Marconi’s great achievement, which was of immense importance, naturally astonished the world. Of course, there were not wanting those who discredited the report. Others, on the contrary, were seized with panic and showed their readiness to believe that the Atlantic had been spanned aërially, by selling off their shares in cable companies. To use the language of the money-market, there was a temporary “slump” in cable shares. The world again woke up—this time to the fact that experiments of which it had heard faintly had at last culminated in a great triumph, marvellous in itself, and yet probably nothing in comparison with the revolution in the transmission of news that it heralded.

The subject of Wireless Telegraphy is so wide that to treat it fully in the compass of a single chapter is impossible. At the same time it would be equally impossible to pass it over in a book written with the object of presenting to the reader the latest developments of scientific research. Indeed, the attention that it has justly attracted entitle it, not merely to a place, but to a leading place; and for this reason these first pages will be devoted to a short account of the history and theory of Wireless Telegraphy, with some mention of the different systems by which signals have been sent through space.

On casting about for a point at which to begin, the writer is tempted to attack the great topic of the ether, to which experimenters in many branches of science are now devoting more and more attention, hoping to find in it an explanation of and connection between many phenomena which at present are of uncertain origin.

What is Ether? In the first place, its very existence is merely assumed, like that of the atom and the molecule. Nobody can say that he has actually seen or had any experience of it. The assumption that there is such a thing is justified only in so far as that assumption explains and reconciles phenomena of which we have experience, and enables us to form theories which can be scientifically demonstrated correct. What scientists now say is this: that everything which we see and touch, the air, the infinity of space itself, is permeated by a something, so subtle that, no matter how continuous a thing may seem, it is but a concourse of atoms separated by this something, the Ether. Reasoning drove them to this conclusion.

It is obvious that an effect cannot come out of nothing. Put a clock under a bell-glass and you hear the ticking. Pump out the air and the ticking becomes inaudible. What is now not in the glass that was there before? The air. Reason, therefore, obliges us to conclude that air is the means whereby the ticking is audible to us. No air, no sound. Next, put a lighted candle on the further side of the exhausted bell-glass. We can see it clearly enough. The absence of air does not affect light. But can we believe that there is an absolute gap between us and the light? No! It is far easier to believe that the bell-glass is as full as the outside atmosphere of the something that communicates the sensation of light from the candle to the eye. Again, suppose we measure a bar of iron very carefully while cold and then heat it. We shall find that it has expanded a little. The iron atoms, we say, have become more energetic than before, repel each other and stand further apart. What then is in the intervening spaces? Not air, which cannot be forced through iron whether hot or cold. No! the ether: which passes easily through crevices so small as to bar the way to the atoms of air.

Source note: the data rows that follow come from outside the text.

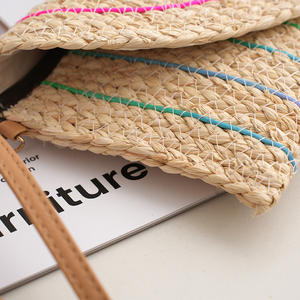 Bolso de Mano de Paja Tejido a Mano para Mujer, Bolso Tipo Sobre Bohemio para la Playa con Correa Cruzada Desmontable, Cartera Tejida de Moda de Verano - Product Image 4
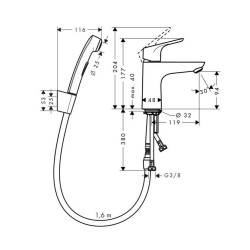 Hansgrohe Set mitigeur lavabo avec douchette bidette Hansgrohe Focus E2 chromé Kobleo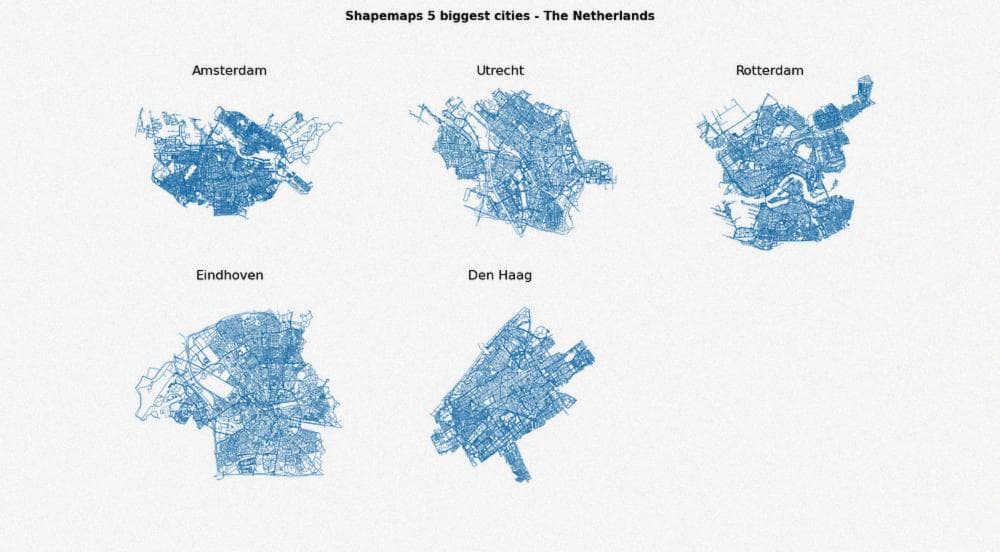 Рисунок 8. Карты 5 крупнейших городов Нидерландов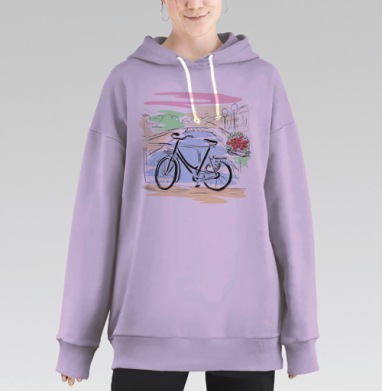 Городской велосипед на мосту с цветами на фоне, Hoodie Long Oversize Fiolet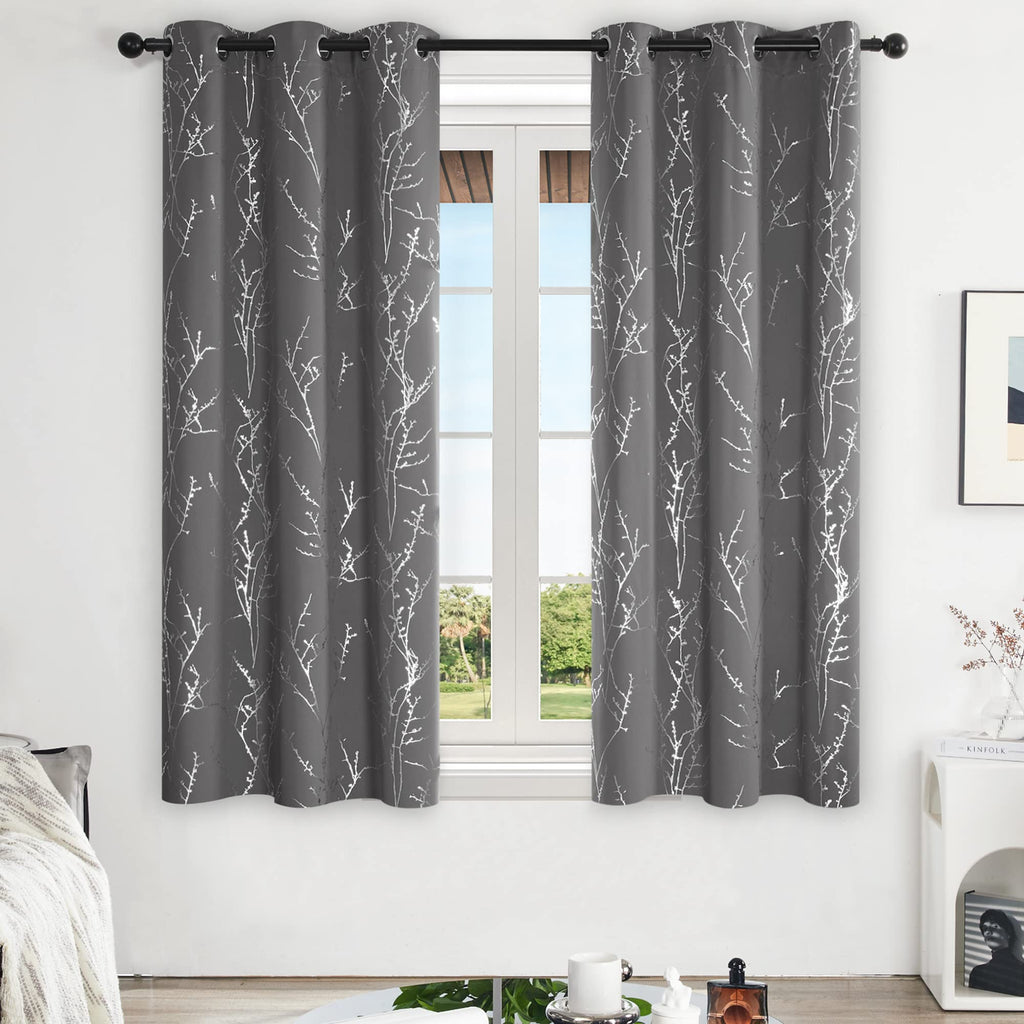 Deconovo Living Room Curtains 63 Inches Long, Blackout Curtains for Bedroom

A Corner of M. Marconi’s cabin on board S.S. “Minneapolis,” showing instruments used in Wireless Telegraphy.

Once more, suppose that to one end of our iron bar we apply the negative “pole” of an electric battery, and to the other end the positive pole. We see that a current passes through the bar, whether hot or cold, which implies that it jumps across all the ether gaps, or rather is conveyed by them from one atom to another.

The conclusion then is that ether is not merely omnipresent, penetrating all things, but the medium whereby heat, light, electricity, perhaps even thought itself, are transmitted from one point to another.